Washington yönetimi, Kongreden bazı itirazlar olsa da Afganistan’daki ABD askeri birliklerinin 1 Mayıs’tan itibaren geri çekilmeye başlayacağını ve tam çekilmenin 11 Eylül’e kadar tamamlanacağını duyurdu. Başkan Biden, “Amerika’nın en uzun savaşını” sonlandıracağını ve geri çekilmenin Dünya Ticaret Merkezi ve Pentagon’a yönelik 11 Eylül 2001 saldırılarının 20. Yıldönümüne denk gelen 11 Eylül tarihine kadar tamamlanacağını açıkladı.
ABD’nin Yemen’deki içi savaşta Suudi Arabistan’a sağladığı desteği kesme sözü veren Başkan Biden, Trump yönetimi döneminde Birleşik Arap Emirlikleri (BAE) ve Suudi Arabistan ile yapılan silah satış anlaşmalarını askıya aldı. Washington yönetimi, Suudi Arabistan ve BAE’ye karşı daha sert bir tavır içinde olacaklarını duyurdu. Yemen’deki sivillerin durumunu “günümüz dünyasının en vahim insani krizi“ olarak tanımlayan yeni yönetim Yemen halkına yönelik insani yardımları artırma sözü verdi. Cemal Kaşıkçı cinayeti ile ilgili olarak Muhammed bin Selman’ın cinayetin sorumlusu olduğunu ortaya çıkaran raporu da yayımlayan Biden yönetimi, buna rağmen Muhammed bin Selman’a yönelik doğrudan yaptırım uygulamaktan kaçındı. Ancak, Beyaz Saray’dan yapılan açıklamalarda Suudi Arabistan’la ilişkilerin yeniden dengeleyeceği ve Trump yönetimi öncesindeki geleneksel çizgisine çekileceği belirtildi.

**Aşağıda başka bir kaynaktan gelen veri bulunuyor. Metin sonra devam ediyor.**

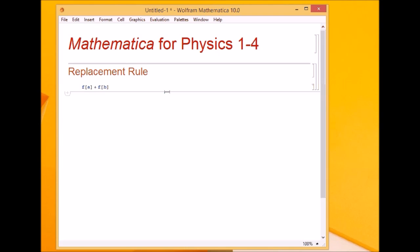Welcome to the fourth lecture on Mathematica for Physics. In this lecture we will learn the replacement rule, which is one of the most important features of Mathematica. So let's begin.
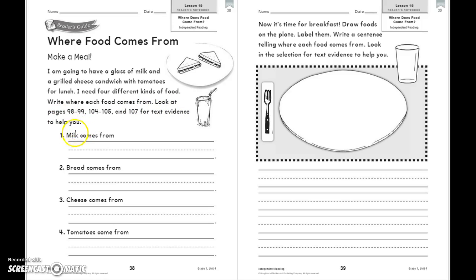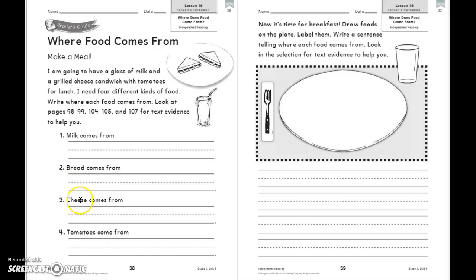So you are going to read 'milk comes from,' and then give text evidence from the pages listed from your story, 'Where Does Food Come From.' You are going to do the same for bread, cheese, and tomatoes.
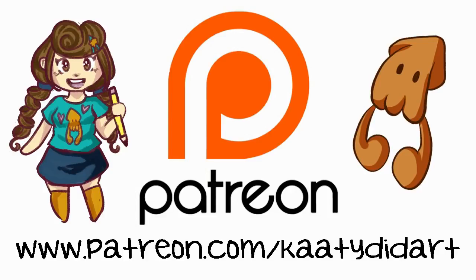If you enjoy the video and my content, please consider supporting my channel over on Patreon at patreon.com/katydidart. Thanks so much!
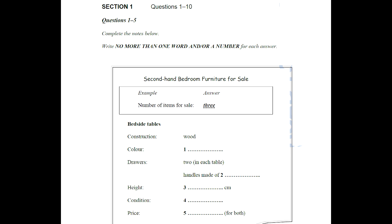Test 3. You will hear a number of different recordings and you will have to answer questions on what you hear. There will be time for you to read the instructions and questions and you will have a chance to check your work. All the recordings will be played once only. The test is in four sections. At the end of the test, you will be given ten minutes to transfer your answers to an answer sheet. Now turn to section 1.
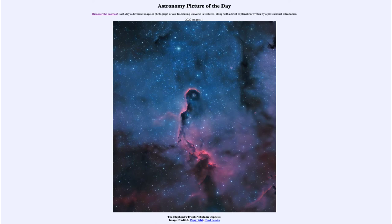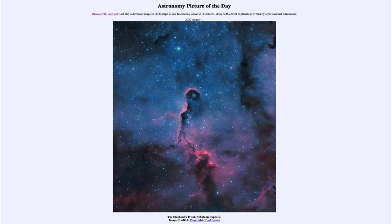However, most astronomical objects are known by their catalog designations. This one has a couple of catalog designations, known as IC 1396 and also as VDB 142. Objects in the sky can be cataloged in different ways and thus have a number of different names. Now this elephant's trunk is actually incredibly long, being about 20 light years long, stretching across a portion of the sky, and is also very far away — about 3000 light years away from us.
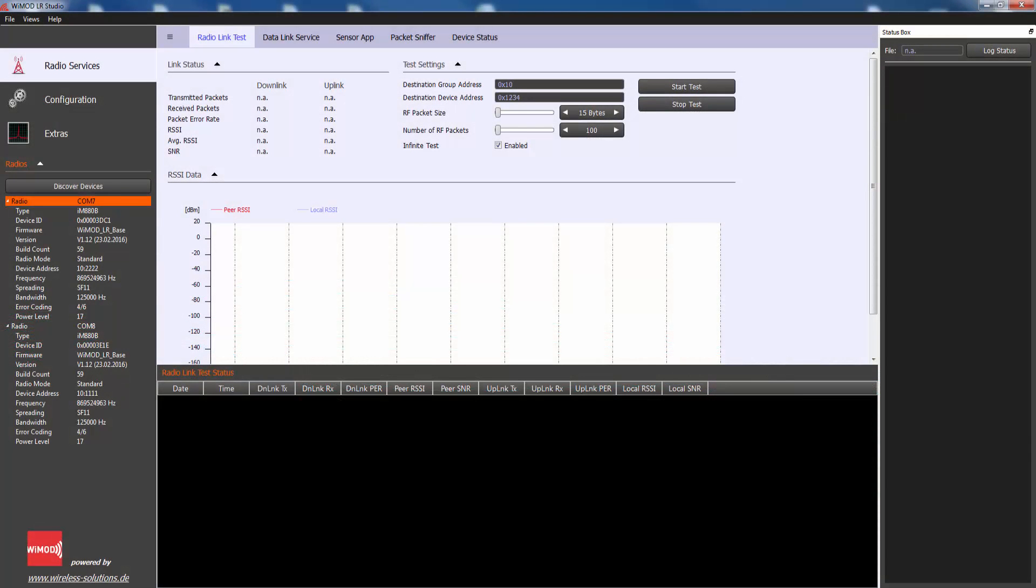The radio link test can be used to verify the radio link quality between two modules. This test application measures the packet error rate by counting the number of transmitted and received packets in the locally connected device and peer device.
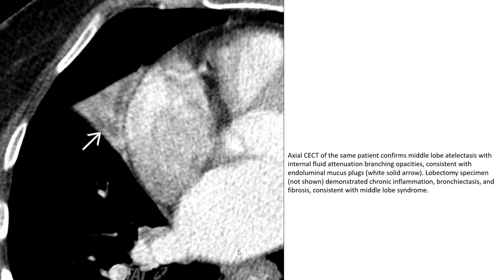Axial contrast-enhanced CT shows middle-lobe atelectasis with internal fluid-filled branching bronchiectasis, consistent with endoluminal mucus plug. Lobectomy specimen demonstrated chronic inflammation, bronchiolitis, and fibrosis consistent with middle-lobe syndrome.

Biden’ın en önemli seçim vaatlerinden birisi de Trump yönetiminin geri çekildiği Ortak Kapsamlı Eylem Planı (JCPOA) olarak bilinen İran nükleer anlaşmasına geri dönülmesiydi. Washington ve Tahran arasında uzun süredir devam eden nükleer anlaşmaya geri dönme arayışları taviz vermeme ve karşılıklı inatlaşma nedeniyle sonuç vermemişti. Başkan Biden’ın görevi devraldığı günden beri üzerinde çalıştığı anlaşma meselesi iki ülkenin de ilk adımı karşıdan beklemesi ve muhtelif şartlar öne sürmesi nedeniyle sürüncemede kalmıştı. Biden yönetiminin, İran’a yönelik tüm BM yaptırımlarını tekrar uygulamaya imkan tanıyan mekanizmanın hayata geçirilmesi kararını iptal ederek ve Birleşmiş Milletlerde görevlendirilen İranlı diplomatların Amerika içinde seyahat etmelerine getirilen katı kısıtlamaları hafifleterek iyi niyet gösterme hamlesi İran’a yönelik tüm yaptırımların kaldırılmasını talep eden Tahran yönetimince yetersiz bulunmuştu. Çıkmaza giren anlaşma süreci AB arabuluculuğunda anlaşmaya paydaş ülkelerin katılımıyla Viyana’da başlayan dolaylı görüşmeler henüz bir sonuca ulaşmış değil. Diplomatlar Viyana’daki görüşmelerin olumlu geçtiğini söylese de henüz anlaşmaya geri dönülmesi konusunda net bir adım atılmış değil.